The faculty and staff of Penn State Altoona seek a variety of external awards from foundations, agencies, and other sponsors to support their research, teaching, creative activities, and service responsibilities.
Listed below are those awards that are currently active, the faculty or staff member responsible, and the source of funding.
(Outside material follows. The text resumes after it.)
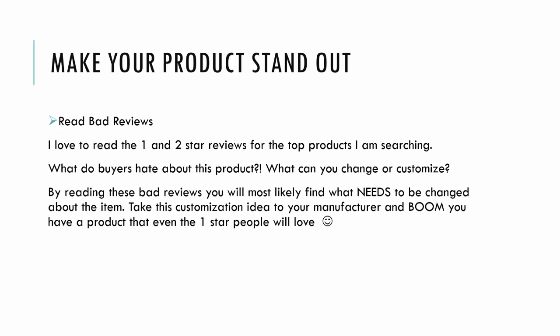So while I investigate Etsy and look for a new product, one method I use is to read bad reviews of other products. I love to read the one and two star reviews and see what the buyers hated about a product. Whatever they hated, you can change or customize and sell that improved product. You're basically finding the needs of customers already buying a product that they're upset with — so you end up with a product that even one-star reviewers would love.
Externally Funded Projects
Dr. Peter Shull, Associate Professor of Engineering
Dr. Mark Johnson, Professor of Mathematics
Title: Sustainable Summer Bridges from Campus to Campus: Retention Models for Transitioning Underrepresented Engineering Students
Sponsor: National Science Foundation
Award Period: 1/01/16 to 12/31/20
The proposed research seeks to accomplish three goals: (1) Increase retention in Engineering among racially underrepresented engineering students by extending three successful summer bridge models and transition programming to four regional campuses in the Pennsylvania State University system, (2) Develop long-term sustainability plans for these programs, and (3) Compare the efficacy of different bridge models. The primary outcome measure is retention in baccalaureate Engineering majors following the Entrance to Major process at the beginning of Year 3. A secondary measure is retention in STEM majors.
Dr. Jungwoo Ryoo, Interim Division Head of Business and Engineering
Title: Building a Big Data Analytics Workforce in iSchools
Sponsor: National Science Foundation
Award Period: 9/1/15 to 8/31/18
The proposed research seeks There is an increasing demand for skilled personnel in big-data industries, but the existing big-data curricula at the university level focus primarily on students with a strong computational background, ignoring a large segment of students who might otherwise pursue education and training in this vital area. Therefore, this project aims at addressing the national demand for professionals with knowledge in big data and broaden the pool for a potential big-data analytics workforce.
The goal and scope of this project are to develop three innovative learning approaches. These are founded on both group-based and contextualized learning methods, applicable and accessible to students majoring in disciplines outside of computer science but related (i.e., iSchools).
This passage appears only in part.